--- EXERCISE AIM ---
Only the lines from the top of the data through the line with "করে দিল পড়ুয়ারা" should be repeated, each exactly as written.
[DATA PROVIDED — start]
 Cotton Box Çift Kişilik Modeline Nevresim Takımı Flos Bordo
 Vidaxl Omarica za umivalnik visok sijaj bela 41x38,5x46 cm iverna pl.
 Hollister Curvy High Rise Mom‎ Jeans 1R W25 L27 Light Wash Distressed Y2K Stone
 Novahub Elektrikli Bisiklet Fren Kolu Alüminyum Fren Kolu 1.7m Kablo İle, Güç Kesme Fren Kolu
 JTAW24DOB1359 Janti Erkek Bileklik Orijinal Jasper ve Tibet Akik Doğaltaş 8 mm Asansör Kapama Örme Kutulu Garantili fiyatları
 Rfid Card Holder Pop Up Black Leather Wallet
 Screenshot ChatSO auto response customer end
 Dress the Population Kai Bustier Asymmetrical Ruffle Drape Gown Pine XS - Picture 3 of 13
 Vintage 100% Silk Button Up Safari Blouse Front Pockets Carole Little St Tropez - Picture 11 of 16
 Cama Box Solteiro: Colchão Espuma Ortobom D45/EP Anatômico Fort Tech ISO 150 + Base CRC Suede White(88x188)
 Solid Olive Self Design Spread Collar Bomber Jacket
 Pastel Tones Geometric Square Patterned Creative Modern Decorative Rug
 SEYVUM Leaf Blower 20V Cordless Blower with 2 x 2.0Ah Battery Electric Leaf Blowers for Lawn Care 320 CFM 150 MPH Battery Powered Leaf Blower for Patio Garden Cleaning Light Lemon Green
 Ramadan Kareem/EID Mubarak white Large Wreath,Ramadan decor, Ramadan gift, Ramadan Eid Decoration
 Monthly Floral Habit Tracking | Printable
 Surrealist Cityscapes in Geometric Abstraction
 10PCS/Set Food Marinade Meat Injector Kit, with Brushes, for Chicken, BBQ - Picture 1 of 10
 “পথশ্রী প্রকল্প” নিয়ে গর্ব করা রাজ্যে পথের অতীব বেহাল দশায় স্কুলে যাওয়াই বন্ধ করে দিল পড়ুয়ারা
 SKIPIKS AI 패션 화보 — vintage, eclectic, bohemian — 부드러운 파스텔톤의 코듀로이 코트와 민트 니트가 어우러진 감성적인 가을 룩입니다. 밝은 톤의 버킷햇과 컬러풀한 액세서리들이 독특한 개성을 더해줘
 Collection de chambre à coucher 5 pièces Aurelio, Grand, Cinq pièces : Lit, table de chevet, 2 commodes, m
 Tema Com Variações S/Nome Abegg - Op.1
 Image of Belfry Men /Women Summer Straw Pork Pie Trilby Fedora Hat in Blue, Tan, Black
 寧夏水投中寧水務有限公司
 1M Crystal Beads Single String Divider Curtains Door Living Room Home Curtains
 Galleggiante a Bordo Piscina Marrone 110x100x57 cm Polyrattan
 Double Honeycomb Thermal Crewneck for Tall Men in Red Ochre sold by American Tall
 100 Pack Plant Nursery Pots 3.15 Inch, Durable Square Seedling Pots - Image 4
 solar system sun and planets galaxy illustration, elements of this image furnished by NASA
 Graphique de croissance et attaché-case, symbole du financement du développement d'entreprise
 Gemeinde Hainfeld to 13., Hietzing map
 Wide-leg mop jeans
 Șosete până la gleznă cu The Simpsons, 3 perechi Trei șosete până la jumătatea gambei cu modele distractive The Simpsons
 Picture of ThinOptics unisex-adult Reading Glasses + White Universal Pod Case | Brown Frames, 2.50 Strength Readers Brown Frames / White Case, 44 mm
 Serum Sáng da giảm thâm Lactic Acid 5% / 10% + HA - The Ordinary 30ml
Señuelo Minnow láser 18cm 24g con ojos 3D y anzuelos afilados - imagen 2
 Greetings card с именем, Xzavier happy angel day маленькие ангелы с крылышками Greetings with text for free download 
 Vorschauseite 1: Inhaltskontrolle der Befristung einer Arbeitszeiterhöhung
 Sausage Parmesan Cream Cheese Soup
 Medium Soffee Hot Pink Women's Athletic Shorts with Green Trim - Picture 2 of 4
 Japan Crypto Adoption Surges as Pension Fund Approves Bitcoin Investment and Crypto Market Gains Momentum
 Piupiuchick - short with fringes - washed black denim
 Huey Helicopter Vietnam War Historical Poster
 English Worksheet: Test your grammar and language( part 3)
[DATA PROVIDED — finish]
--- EXERCISE SOLUTION ---
 Cotton Box Çift Kişilik Modeline Nevresim Takımı Flos Bordo
 Vidaxl Omarica za umivalnik visok sijaj bela 41x38,5x46 cm iverna pl.
 Hollister Curvy High Rise Mom‎ Jeans 1R W25 L27 Light Wash Distressed Y2K Stone
 Novahub Elektrikli Bisiklet Fren Kolu Alüminyum Fren Kolu 1.7m Kablo İle, Güç Kesme Fren Kolu
 JTAW24DOB1359 Janti Erkek Bileklik Orijinal Jasper ve Tibet Akik Doğaltaş 8 mm Asansör Kapama Örme Kutulu Garantili fiyatları
 Rfid Card Holder Pop Up Black Leather Wallet
 Screenshot ChatSO auto response customer end
 Dress the Population Kai Bustier Asymmetrical Ruffle Drape Gown Pine XS - Picture 3 of 13
 Vintage 100% Silk Button Up Safari Blouse Front Pockets Carole Little St Tropez - Picture 11 of 16
 Cama Box Solteiro: Colchão Espuma Ortobom D45/EP Anatômico Fort Tech ISO 150 + Base CRC Suede White(88x188)
 Solid Olive Self Design Spread Collar Bomber Jacket
 Pastel Tones Geometric Square Patterned Creative Modern Decorative Rug
 SEYVUM Leaf Blower 20V Cordless Blower with 2 x 2.0Ah Battery Electric Leaf Blowers for Lawn Care 320 CFM 150 MPH Battery Powered Leaf Blower for Patio Garden Cleaning Light Lemon Green
 Ramadan Kareem/EID Mubarak white Large Wreath,Ramadan decor, Ramadan gift, Ramadan Eid Decoration
 Monthly Floral Habit Tracking | Printable
 Surrealist Cityscapes in Geometric Abstraction
 10PCS/Set Food Marinade Meat Injector Kit, with Brushes, for Chicken, BBQ - Picture 1 of 10
 “পথশ্রী প্রকল্প” নিয়ে গর্ব করা রাজ্যে পথের অতীব বেহাল দশায় স্কুলে যাওয়াই বন্ধ করে দিল পড়ুয়ারা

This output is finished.